経済産業省がまとめた「平成22年度エネルギーに関する年次報告(エネルギー白書)が2011年10月28日に公開された。白書では、原子力発電について、中長期的に依存度を可能な限り引き下げていく、その代わりに再生可能エネルギーの開発と普及の強力な推進が必要、という今後の方向性があらためて確認されている。
既に原発の安全性に関する懸念はいろいろ出ているところだが、国として今後どのような方向性で行くのか、というビジョンが文書という形で出てきたことには、価値があろう。今回はこの白書を見ながら、エネルギーのネットワークに関する課題を考えてみたい。

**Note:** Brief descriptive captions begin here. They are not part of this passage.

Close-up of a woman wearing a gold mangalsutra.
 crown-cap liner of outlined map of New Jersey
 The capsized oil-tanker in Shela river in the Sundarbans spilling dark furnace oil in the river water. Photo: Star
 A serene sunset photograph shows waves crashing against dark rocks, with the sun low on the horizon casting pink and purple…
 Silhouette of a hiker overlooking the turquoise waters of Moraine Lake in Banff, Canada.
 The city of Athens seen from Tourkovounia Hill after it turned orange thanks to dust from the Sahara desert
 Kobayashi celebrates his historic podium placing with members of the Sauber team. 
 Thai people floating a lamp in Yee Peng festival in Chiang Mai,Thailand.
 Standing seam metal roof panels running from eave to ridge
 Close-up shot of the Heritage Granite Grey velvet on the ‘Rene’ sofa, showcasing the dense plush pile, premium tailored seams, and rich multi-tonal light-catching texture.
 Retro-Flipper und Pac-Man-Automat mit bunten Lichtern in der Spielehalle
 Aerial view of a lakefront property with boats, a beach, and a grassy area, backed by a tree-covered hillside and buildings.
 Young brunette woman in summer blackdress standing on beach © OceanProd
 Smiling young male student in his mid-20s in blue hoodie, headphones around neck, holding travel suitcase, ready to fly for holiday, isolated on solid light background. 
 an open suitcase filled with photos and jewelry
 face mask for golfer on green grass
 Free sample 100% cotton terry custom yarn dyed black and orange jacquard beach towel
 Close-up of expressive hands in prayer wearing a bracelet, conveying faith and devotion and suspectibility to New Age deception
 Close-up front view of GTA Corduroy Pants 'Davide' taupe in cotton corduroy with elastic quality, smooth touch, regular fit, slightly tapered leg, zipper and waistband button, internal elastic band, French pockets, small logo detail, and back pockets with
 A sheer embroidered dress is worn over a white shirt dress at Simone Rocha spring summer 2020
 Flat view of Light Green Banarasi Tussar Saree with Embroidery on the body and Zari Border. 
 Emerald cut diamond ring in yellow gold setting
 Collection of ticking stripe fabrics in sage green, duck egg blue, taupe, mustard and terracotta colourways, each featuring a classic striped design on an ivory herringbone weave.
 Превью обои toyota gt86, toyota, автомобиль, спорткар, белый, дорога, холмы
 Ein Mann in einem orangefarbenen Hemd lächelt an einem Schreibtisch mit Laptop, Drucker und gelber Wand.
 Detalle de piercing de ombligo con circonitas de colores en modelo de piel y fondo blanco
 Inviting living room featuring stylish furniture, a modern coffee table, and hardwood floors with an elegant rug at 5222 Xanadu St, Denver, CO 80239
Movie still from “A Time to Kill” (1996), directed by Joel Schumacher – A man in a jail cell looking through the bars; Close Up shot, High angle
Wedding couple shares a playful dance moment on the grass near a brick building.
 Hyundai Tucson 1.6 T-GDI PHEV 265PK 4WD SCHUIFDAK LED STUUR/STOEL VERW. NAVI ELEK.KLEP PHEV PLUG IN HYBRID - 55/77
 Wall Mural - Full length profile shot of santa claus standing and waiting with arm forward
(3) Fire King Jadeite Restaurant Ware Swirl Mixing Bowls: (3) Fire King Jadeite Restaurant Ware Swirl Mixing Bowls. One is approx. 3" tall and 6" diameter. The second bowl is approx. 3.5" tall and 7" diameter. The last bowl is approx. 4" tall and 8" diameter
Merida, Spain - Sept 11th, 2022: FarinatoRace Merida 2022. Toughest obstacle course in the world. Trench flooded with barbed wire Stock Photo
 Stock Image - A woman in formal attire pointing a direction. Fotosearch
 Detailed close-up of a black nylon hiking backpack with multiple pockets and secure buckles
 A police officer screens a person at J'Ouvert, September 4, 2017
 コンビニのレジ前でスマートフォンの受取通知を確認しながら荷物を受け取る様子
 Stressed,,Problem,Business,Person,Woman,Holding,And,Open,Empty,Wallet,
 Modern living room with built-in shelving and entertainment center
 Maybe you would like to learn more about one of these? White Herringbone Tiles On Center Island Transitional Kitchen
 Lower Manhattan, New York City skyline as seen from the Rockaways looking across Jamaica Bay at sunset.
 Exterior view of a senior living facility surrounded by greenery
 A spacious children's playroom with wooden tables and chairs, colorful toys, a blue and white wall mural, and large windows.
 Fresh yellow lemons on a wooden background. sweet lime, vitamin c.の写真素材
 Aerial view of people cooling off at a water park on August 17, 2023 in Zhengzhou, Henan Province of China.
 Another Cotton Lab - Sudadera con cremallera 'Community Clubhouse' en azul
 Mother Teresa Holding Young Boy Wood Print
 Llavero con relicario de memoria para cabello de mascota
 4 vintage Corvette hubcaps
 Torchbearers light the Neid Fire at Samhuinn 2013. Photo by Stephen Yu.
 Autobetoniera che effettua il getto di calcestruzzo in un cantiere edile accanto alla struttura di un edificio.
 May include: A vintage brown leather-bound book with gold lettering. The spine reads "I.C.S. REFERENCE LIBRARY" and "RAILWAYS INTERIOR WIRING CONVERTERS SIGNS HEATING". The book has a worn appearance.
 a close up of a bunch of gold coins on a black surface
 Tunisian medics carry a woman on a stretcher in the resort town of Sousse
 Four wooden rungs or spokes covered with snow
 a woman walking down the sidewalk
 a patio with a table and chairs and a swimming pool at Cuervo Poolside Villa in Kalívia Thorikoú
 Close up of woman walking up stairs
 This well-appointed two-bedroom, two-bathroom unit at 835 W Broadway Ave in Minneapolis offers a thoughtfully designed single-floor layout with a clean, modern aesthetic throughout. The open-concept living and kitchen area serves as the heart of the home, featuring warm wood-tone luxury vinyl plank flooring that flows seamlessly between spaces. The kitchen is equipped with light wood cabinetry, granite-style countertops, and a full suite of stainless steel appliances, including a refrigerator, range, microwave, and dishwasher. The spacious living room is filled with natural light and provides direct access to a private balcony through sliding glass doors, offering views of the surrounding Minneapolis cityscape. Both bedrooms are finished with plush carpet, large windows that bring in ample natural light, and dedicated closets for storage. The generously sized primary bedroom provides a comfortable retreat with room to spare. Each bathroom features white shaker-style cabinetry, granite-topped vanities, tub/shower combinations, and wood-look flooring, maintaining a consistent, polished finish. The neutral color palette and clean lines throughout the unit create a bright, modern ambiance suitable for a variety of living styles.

今回の視点で参照する資料としては、概要が少ないページ数でよくまとまっているが、いかんせん解説が少ない。別途資源エネルギー庁から公開された「第1部 エネルギーを巡る 課題と対応」も見ておくといいだろう。
2011年3月11日の東日本大震災の被害として、原子力発電所と津波がクローズアップされている。しかし、石油精製所やLNG(液化天然ガス)基地も被災し、電力以外のエネルギー供給にも課題があることが分かった。図1は震災でガスの供給が停止した県を示している。震源地を中心に東北太平洋側の県で発生しているのは見て取れるが、千葉や埼玉、神奈川といった首都圏でも停止していたことが分かる。もちろん全面的に停止したわけではなく、一部地域での発生であろう。
最も被害が大きかったのは仙台にあるLNG基地(仙台市ガス局LNG基地)の被災だが、現在は新潟から広域天然ガスパイプラインを通じてしのいでいる(図2)。仙台市ガス局基地そのものの復旧は、1年近くかかると見積もっているようだ。ただ新潟は新潟で地震の多いところなので、これが盤石の対策というわけではないだろう。
現在、日本のガスパイプライン網は需要地ごとに分断されており、広域での融通が難しい(図3)。仙台の場合はたまたま新潟とつながっていたから良かったものの、細かく分断されている東海地方、中国地方辺りで災害が起これば、その地域のみ長期間都市ガスが止まる可能性もある。
プロパンなら各家庭にタンクを運べるが、ガス器具は都市ガスとプロパンで全く互換性がないため、被災したときだけプロパンに切り替えるわけにも行かない。都市ガスの広域供給ネットワークの整備が求められている。